Extracted material START
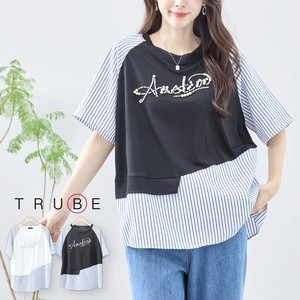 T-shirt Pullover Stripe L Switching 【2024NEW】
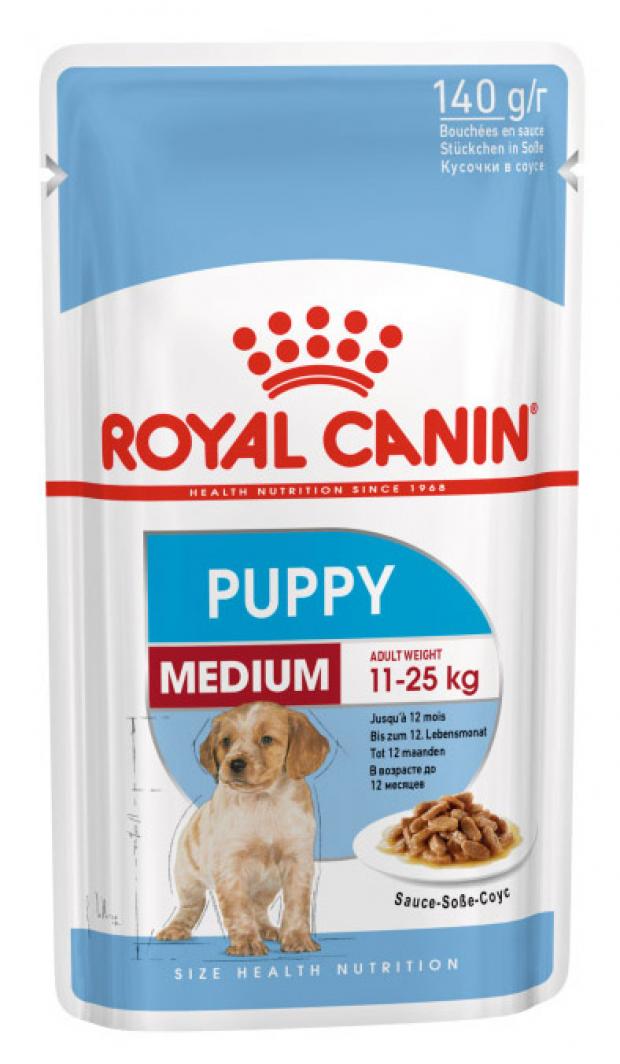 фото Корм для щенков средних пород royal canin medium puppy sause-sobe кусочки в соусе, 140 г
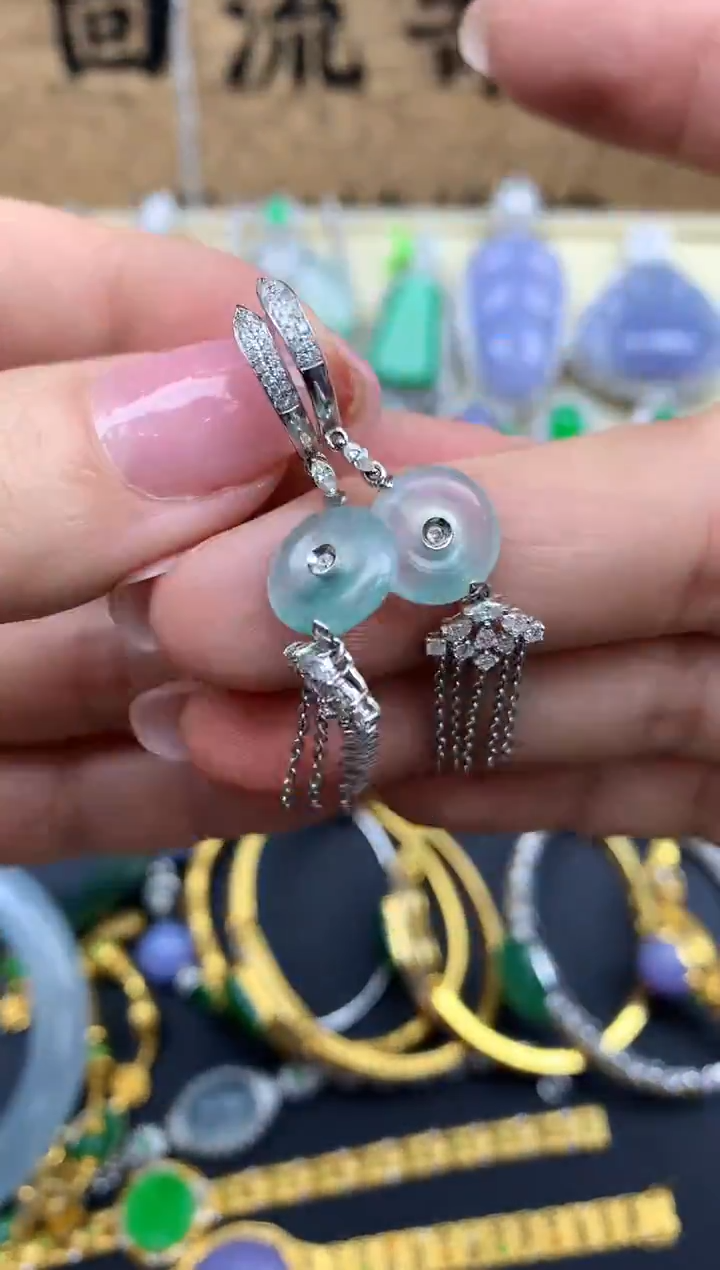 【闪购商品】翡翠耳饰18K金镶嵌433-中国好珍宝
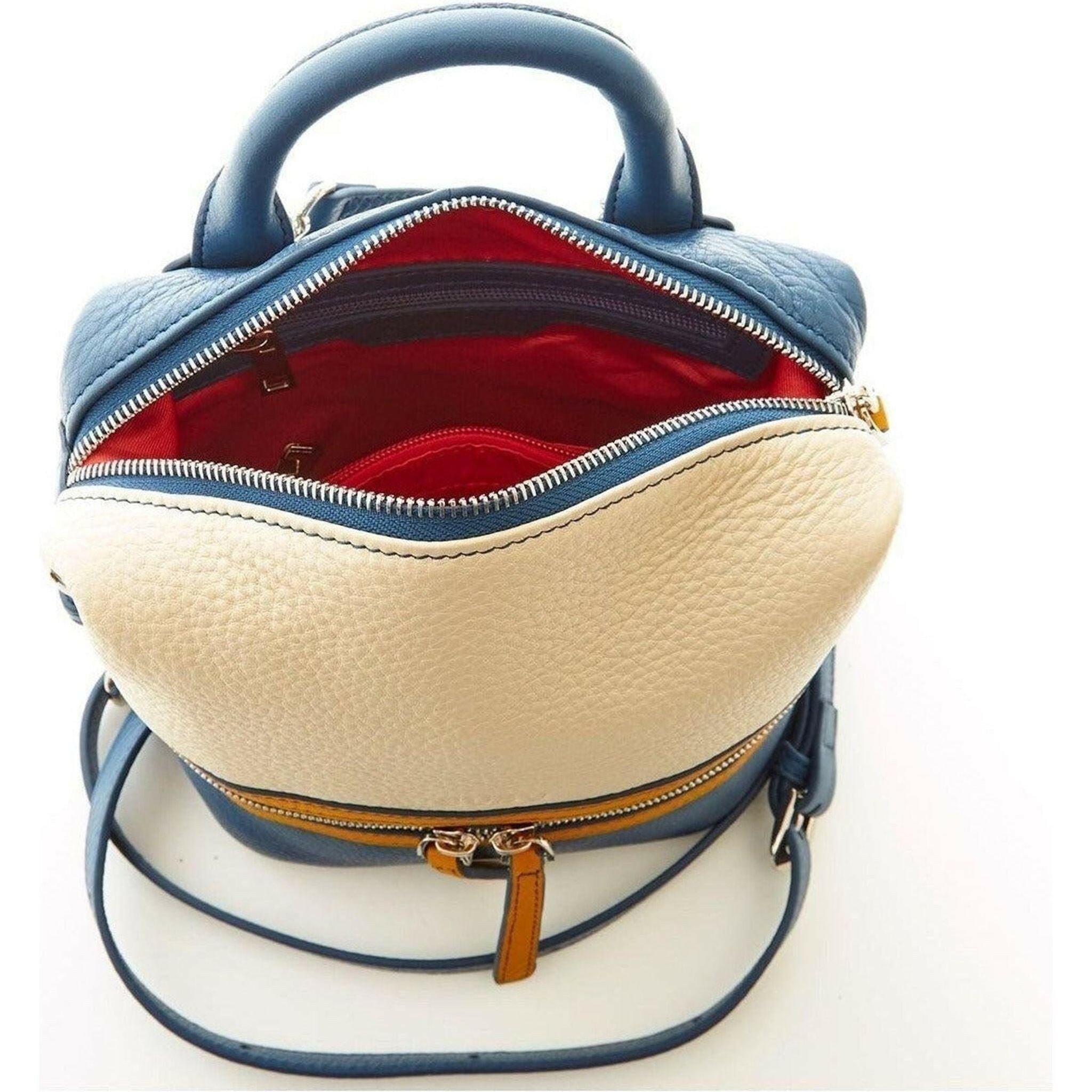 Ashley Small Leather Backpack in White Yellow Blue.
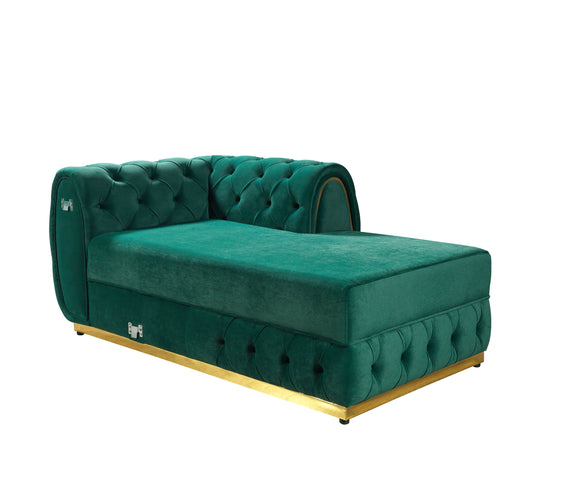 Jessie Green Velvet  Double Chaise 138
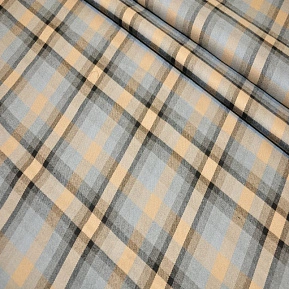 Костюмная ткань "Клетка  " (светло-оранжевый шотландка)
Extracted material END
Extracted material START
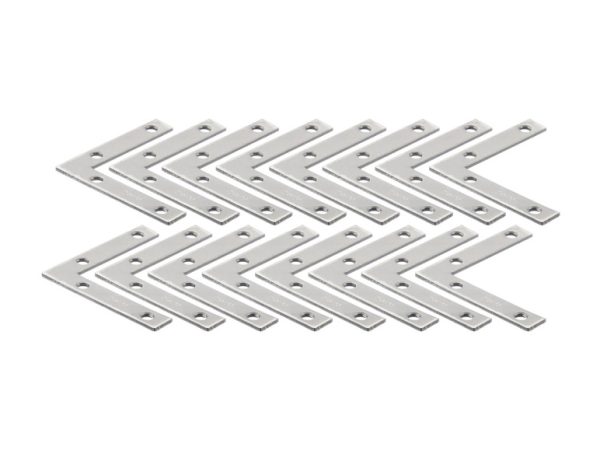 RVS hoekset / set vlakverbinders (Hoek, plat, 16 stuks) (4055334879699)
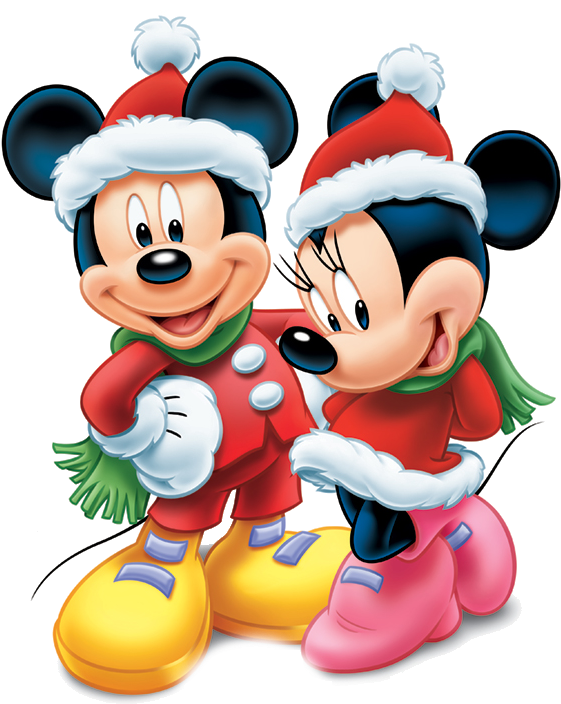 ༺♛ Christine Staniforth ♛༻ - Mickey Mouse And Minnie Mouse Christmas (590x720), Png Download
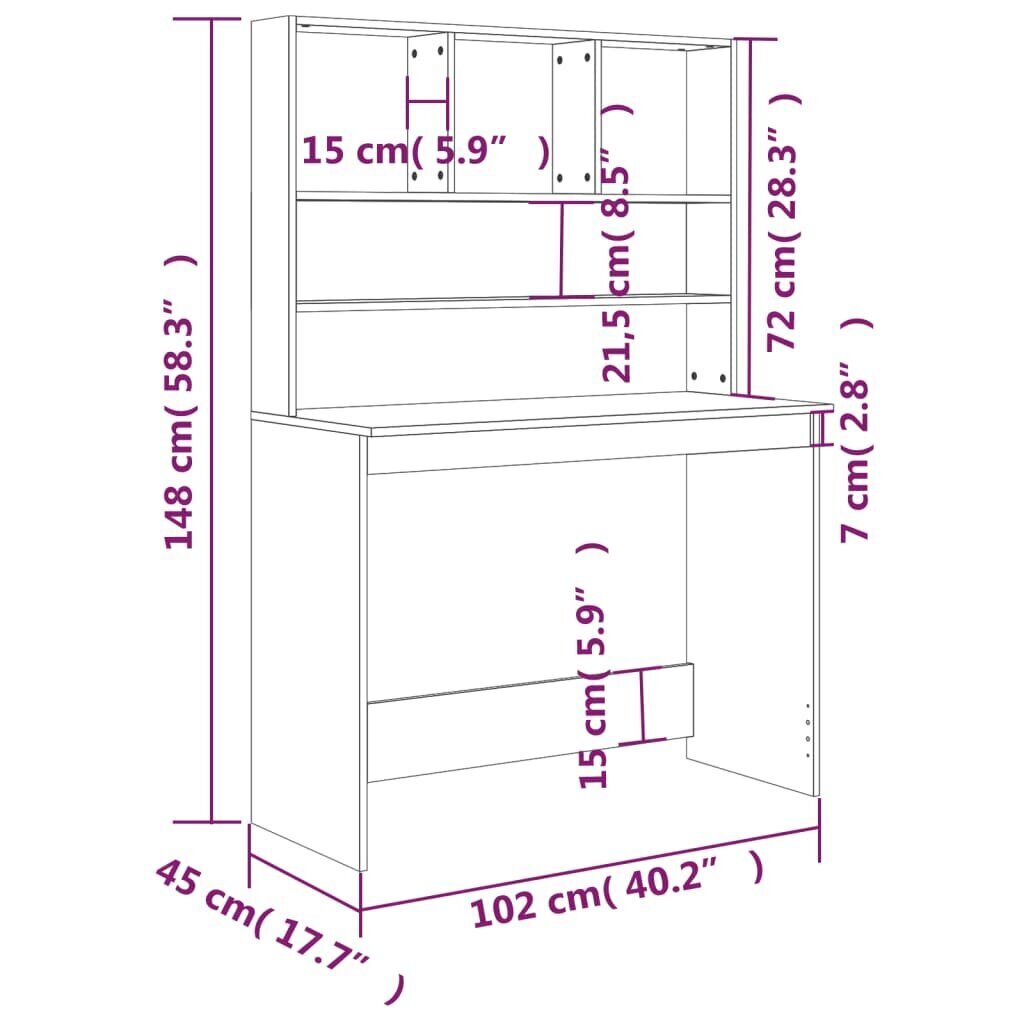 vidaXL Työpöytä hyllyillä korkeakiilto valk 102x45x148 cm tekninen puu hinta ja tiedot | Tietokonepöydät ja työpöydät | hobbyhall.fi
Extracted material END
§ **Work required**:
Repeat exactly the lines above, from the line that contains "(590x720), Png Download" down through the line that contains "vidaXL Työpöytä hyllyillä". Include both of those lines and none of the pictures.

§ **Solution to the problem**:
 ༺♛ Christine Staniforth ♛༻ - Mickey Mouse And Minnie Mouse Christmas (590x720), Png Download
 vidaXL Työpöytä hyllyillä korkeakiilto valk 102x45x148 cm tekninen puu hinta ja tiedot | Tietokonepöydät ja työpöydät | hobbyhall.fi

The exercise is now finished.